Africa land grab could distort trade: IFAP

IFAP's Ajay Vashee

Reuters | Monday June 15 2009

  • Blames lack of investments by govts in agric for land grab
  • Says global agriculture plan needed to prevent food riots

By Wendell Roelf

CAPE TOWN, June 15 (Reuters) - A spate of controversial land acquisitions in Africa is a direct result of lack of investment by poorer governments and may worsen global trade distortions, the head of the world's leading farming lobby said on Monday.

Companies from the United States to the Middle East and Asia are eyeing investments in large farms on the world's poorest continent, looking to buy or lease land some activists have criticised as "land grabs."

"Basically this development is as a direct consequence of the lack of investment and prioritisation of investment in agriculture by many, many developing country governments," Ajay Vashee, president of the International Federation of Agricultural Producers (IFAP), told Reuters.

"At the moment the way it's panning out is it's more towards ensuring food supply for countries or maybe raw materials...but it could lead to a situation where it could have ramifications on trade in the years to come," Vashee said on the sidelines of an African agriculture conference in Cape Town.

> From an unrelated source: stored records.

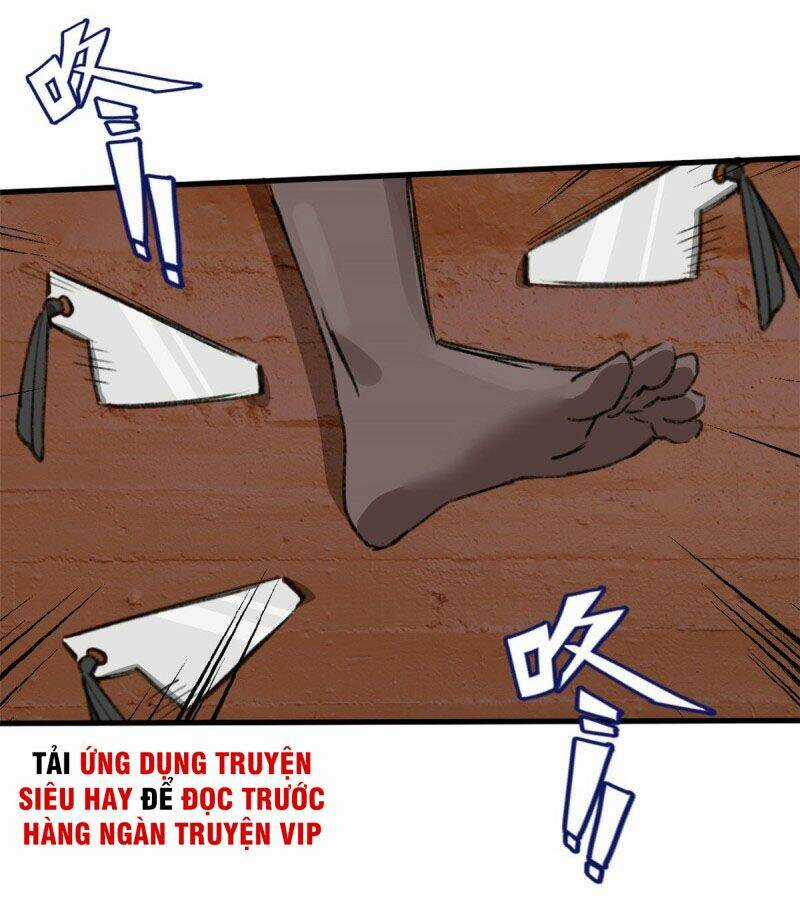 Vô Sỉ Thuật Sĩ Chapter 31 trang 9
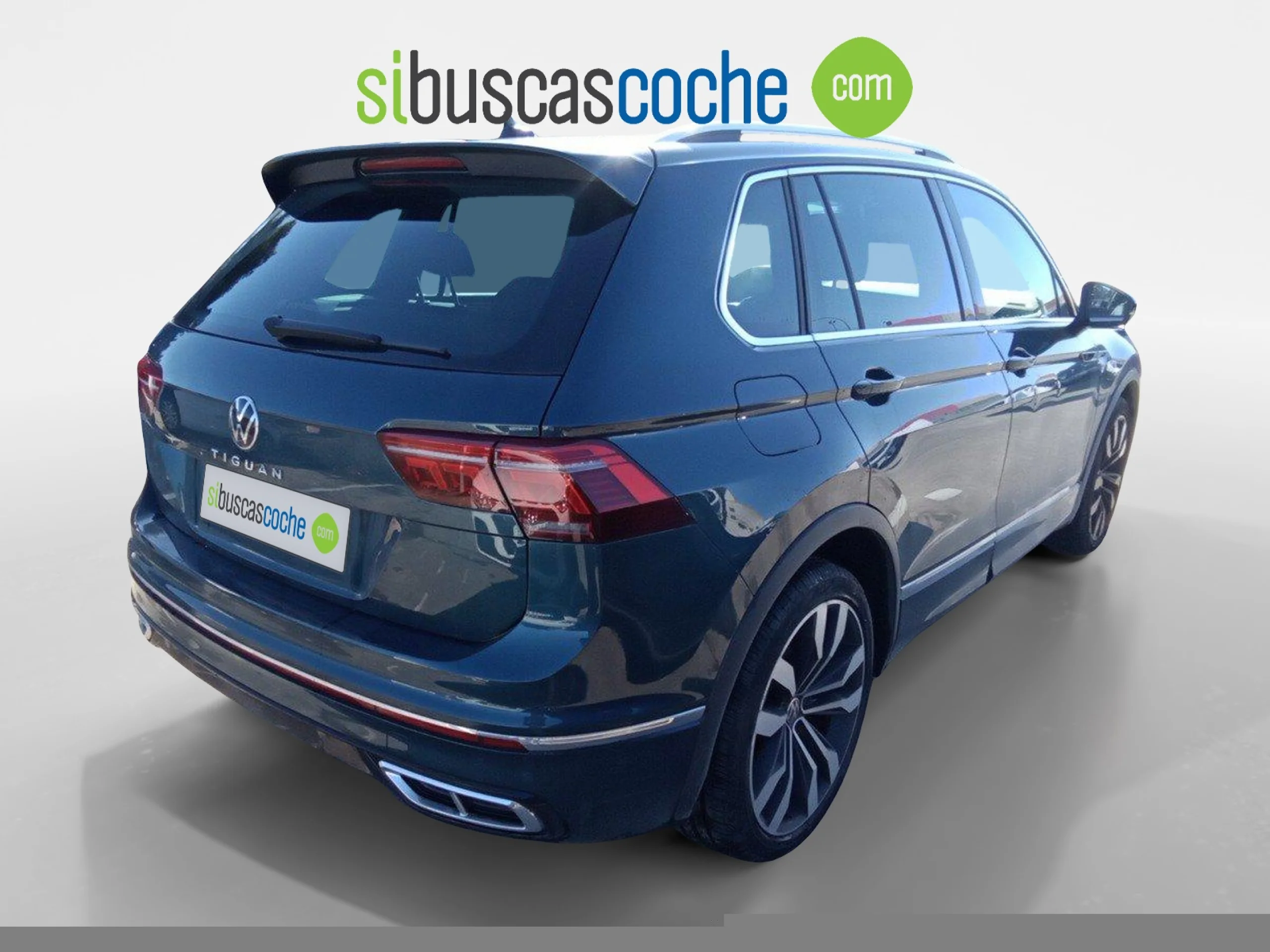 VOLKSWAGEN TIGUAN R LINE 2.0 TDI 110KW (150CV) DSG - Foto 2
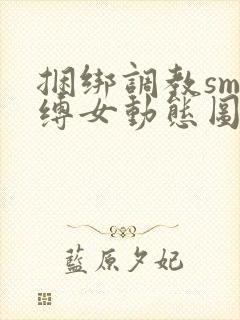 捆绑调教sm束缚女动态图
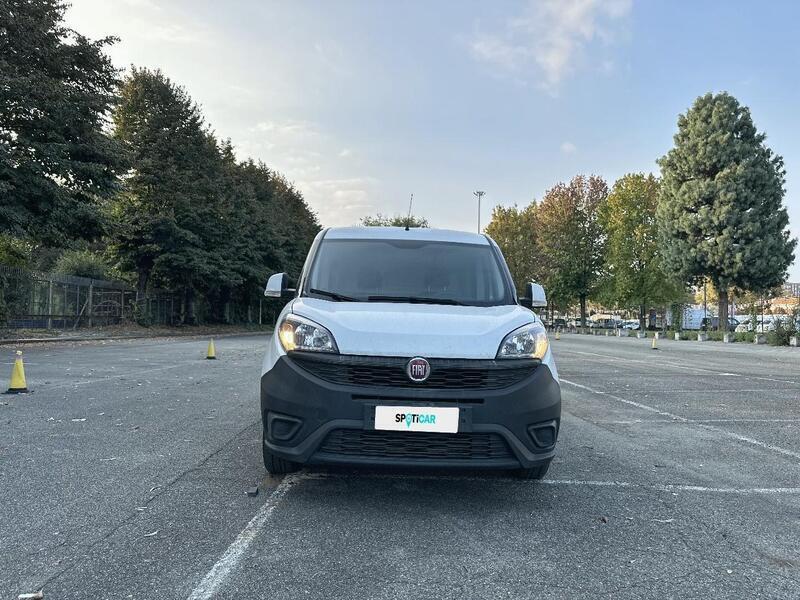 Usato 2019 Fiat Doblò 1.2 Diesel 95 CV (11.800 €)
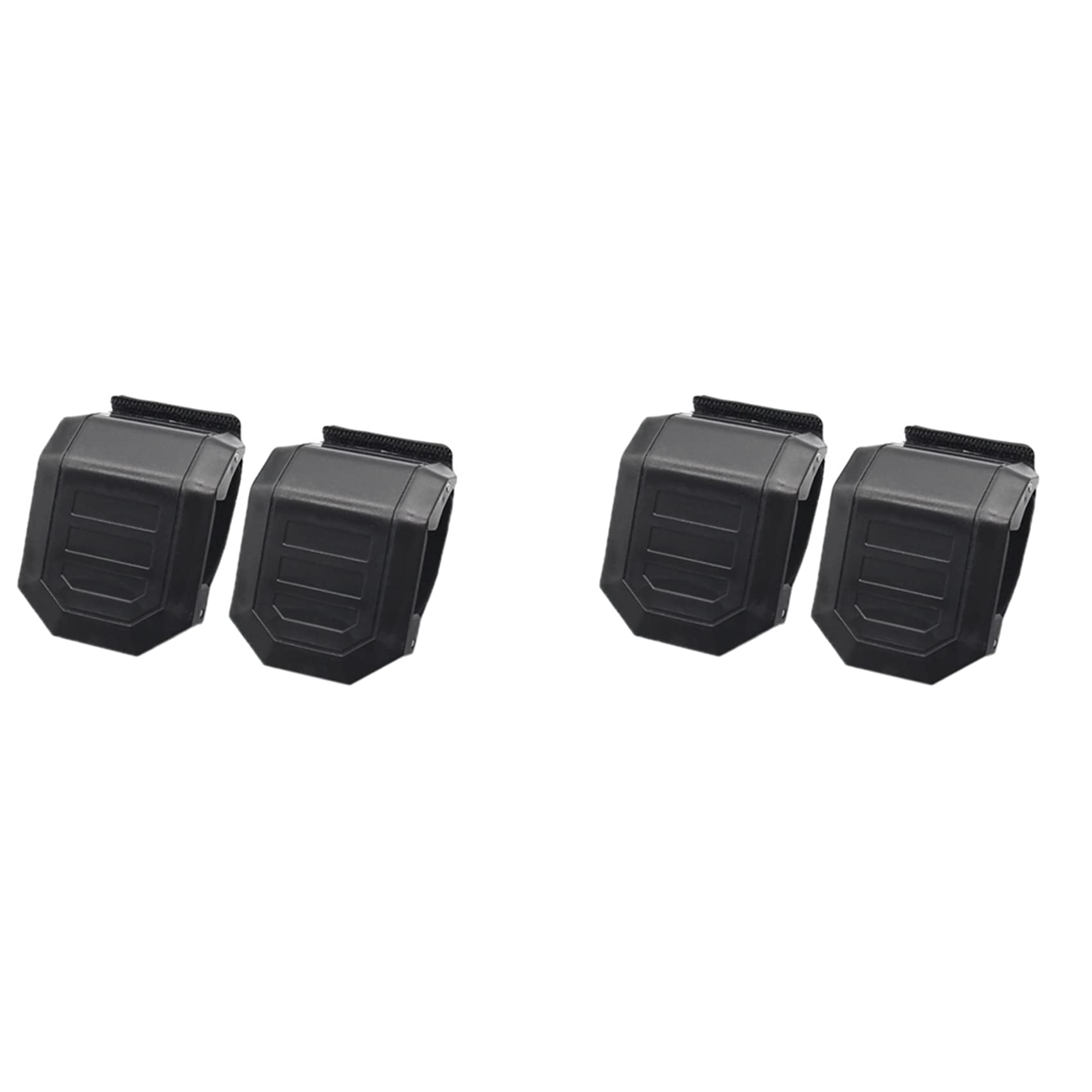 VENOAL 4X Windschutzscheiben Klemmen Riemen Kit Windschutzscheiben Halterung Clips Für ATV/UTV Ranger RZR Can Am X3 von VENOAL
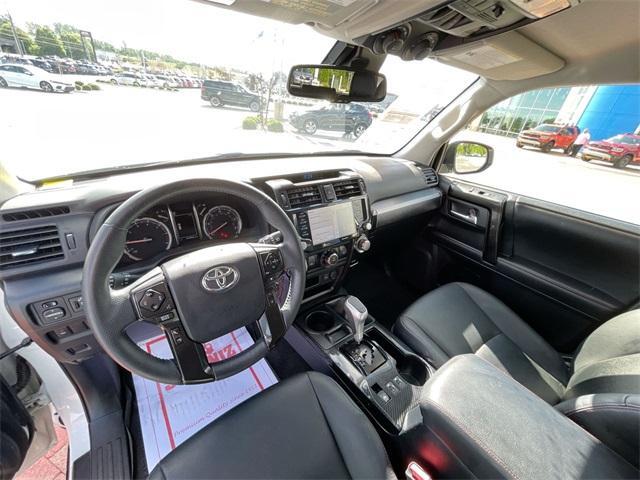 used 2021 Toyota 4Runner car, priced at $45,488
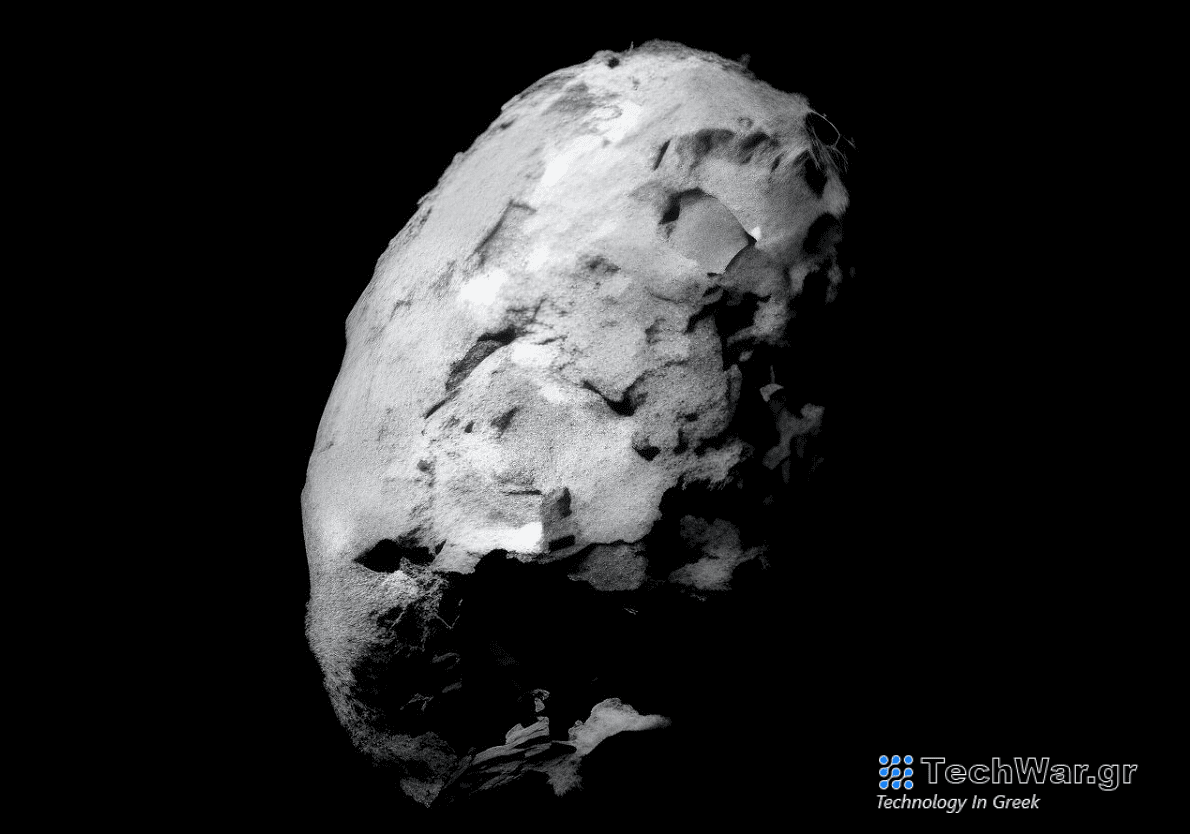 Τα δείγματα από τον μυστηριώδη κομήτη Wild 2 αποκαλύπτουν μια εκπληκτική ιστορία για το παρελθόν του ηλιακού μας συστήματος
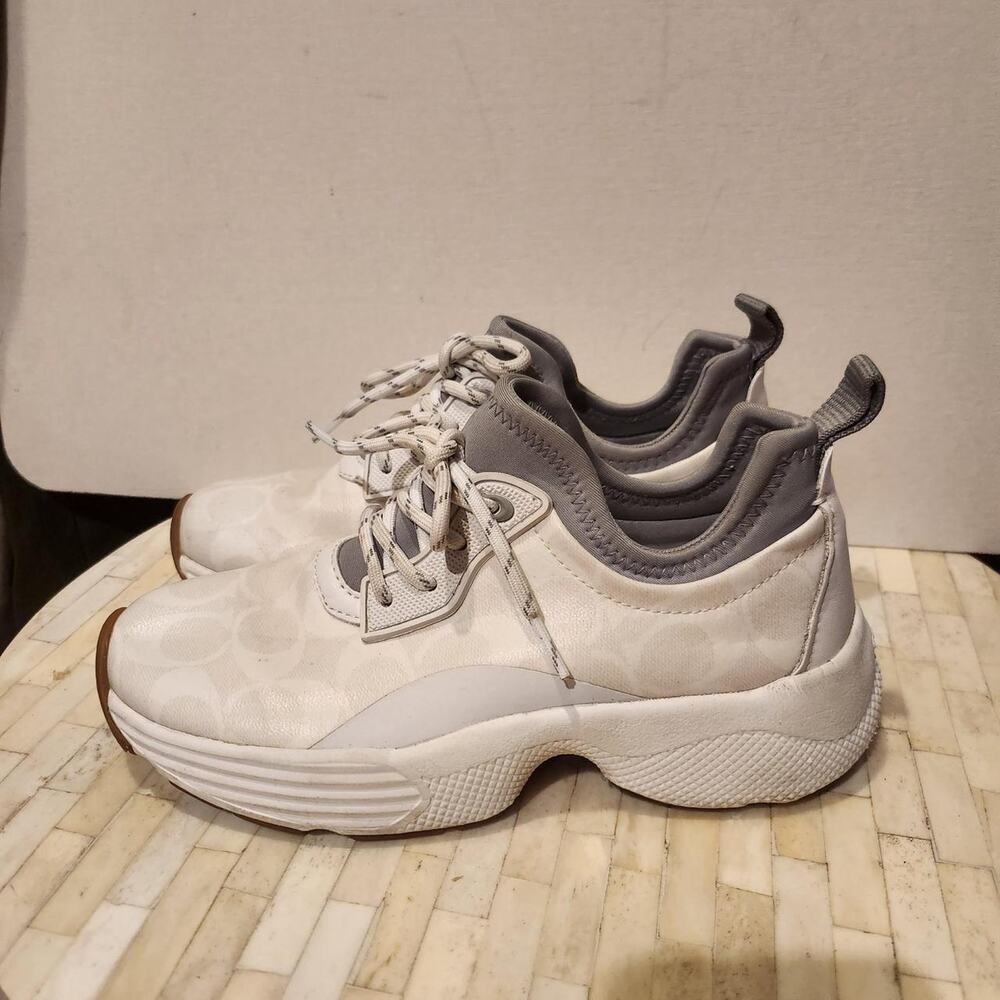 Coach C270 Tech Runner sneakers - Picture 5 of 8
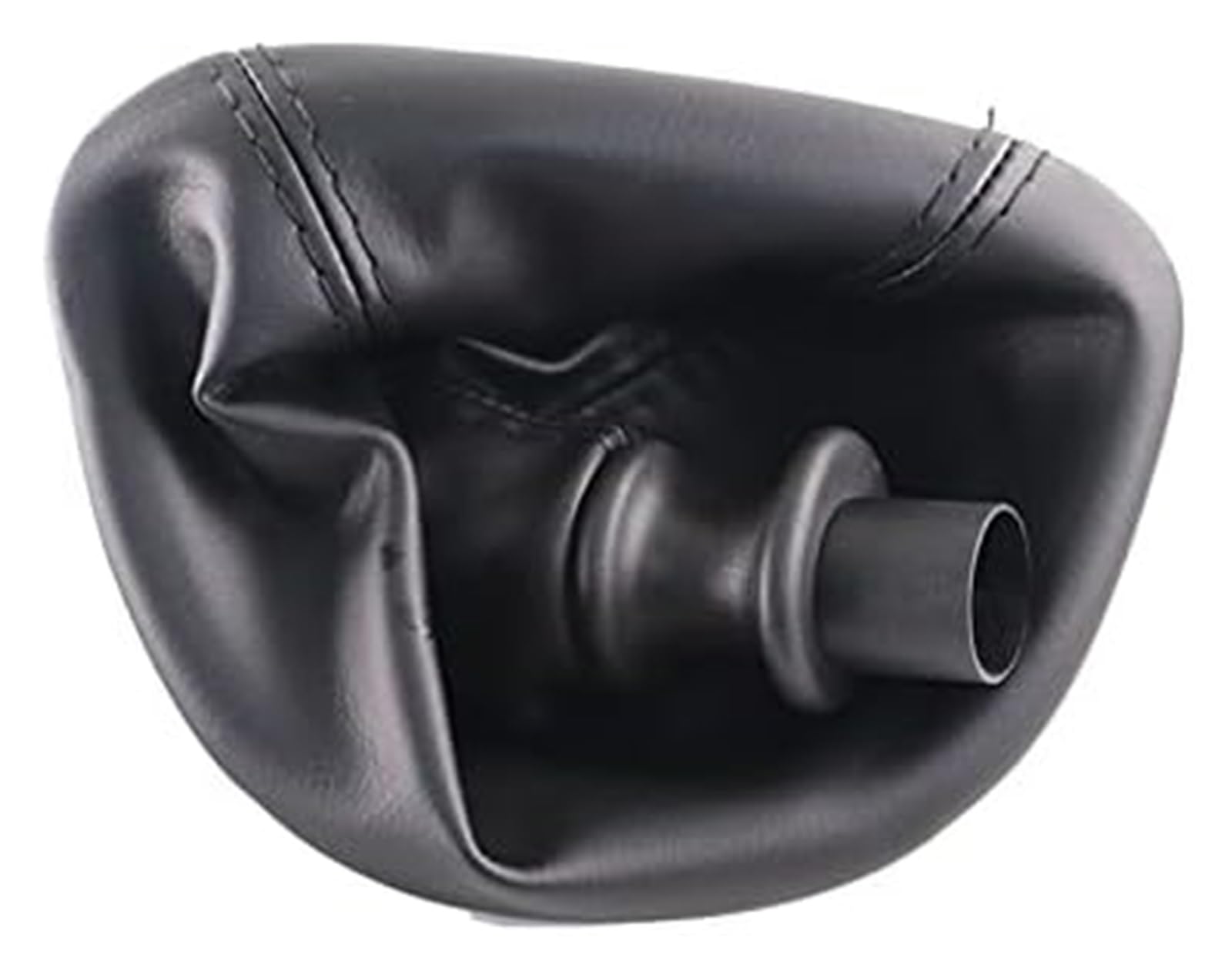 gangxiao Car Shift Gear Knob for Benz W639 for VITO 2003-2010 Car Gear Shift Knob Manual PU Leather Lever Gaitor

However, Vashee, whose organisation represents 600 million farmers and 115 farmer organisations in 82 countries, said he could not see the distortions yet.

Large swathes of arable but fallow land in Africa has prompted rich countries, such as Saudi Arabia, to buy or lease tens of thousands of hectares of land as they seek greener pastures to help secure food security at home.

But the land acquisition phenomenon has been derided as exploitative by land activists and prompted the World Bank and European Union to call for guidelines.

SOLUTION

"We need to have functioning land markers, we have to have a tenure system for land ownership," Vashee said.

"The market will allow us to transfer land title, tenuring will allow security of land property," he said.

Ramping up domestic investment among small-scale African farmers was the easiest way to increase productivity and prevent controversial land deals, which could be reserved for niche markets such as the horticulture industry, he said.

Vashee, forecasting food prices across the board would rise between 10-15 percent in the next two to three years, called for a global agriculture plan to be developed to help prevent food price riots which rocked Africa in 2008.

"We don't have concrete figures but we've got some permutations which are likely to show that it will up 10 to 15 percent across the board," Vashee said.

Among the main drivers of the predicted food price increases were higher energy costs and climate change considerations as a global economic downturn curbed consumer spending, he said.